DIRECTIONS FOR THIS TASK =>
Only the lines below between the ones containing "Умивальник Rea Dalia" and "Grab And Go", inclusive, are to be reproduced, each exactly as it stands.

EXTRACTED ENTRIES =>

-- -- --

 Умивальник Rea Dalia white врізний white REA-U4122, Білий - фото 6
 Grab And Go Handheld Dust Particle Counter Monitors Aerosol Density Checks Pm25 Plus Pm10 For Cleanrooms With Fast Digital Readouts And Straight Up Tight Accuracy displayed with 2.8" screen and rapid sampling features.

-- -- --

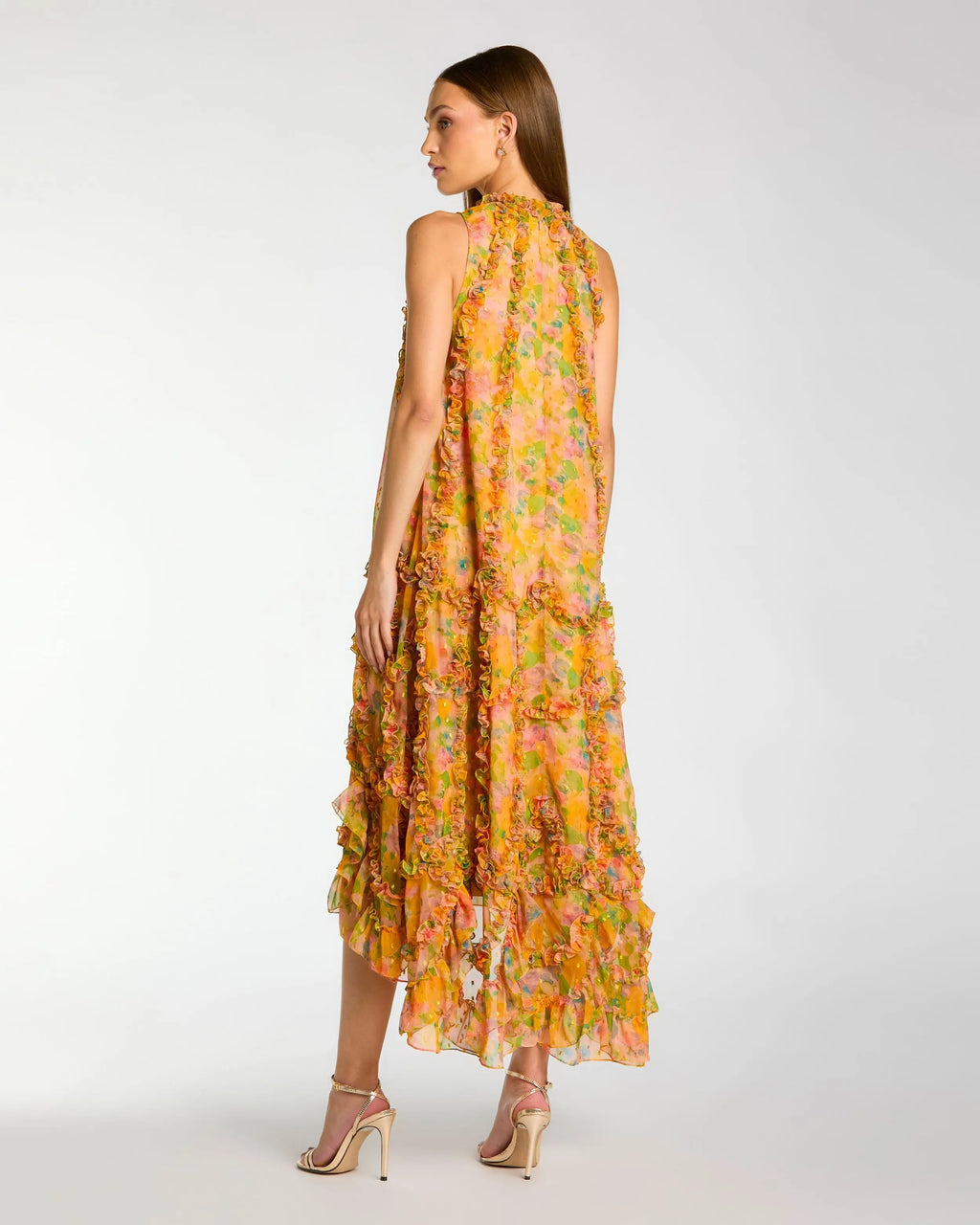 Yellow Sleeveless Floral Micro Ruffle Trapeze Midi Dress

-- -- --

TASK SOLUTION =>
 Умивальник Rea Dalia white врізний white REA-U4122, Білий - фото 6
 Grab And Go Handheld Dust Particle Counter Monitors Aerosol Density Checks Pm25 Plus Pm10 For Cleanrooms With Fast Digital Readouts And Straight Up Tight Accuracy displayed with 2.8" screen and rapid sampling features.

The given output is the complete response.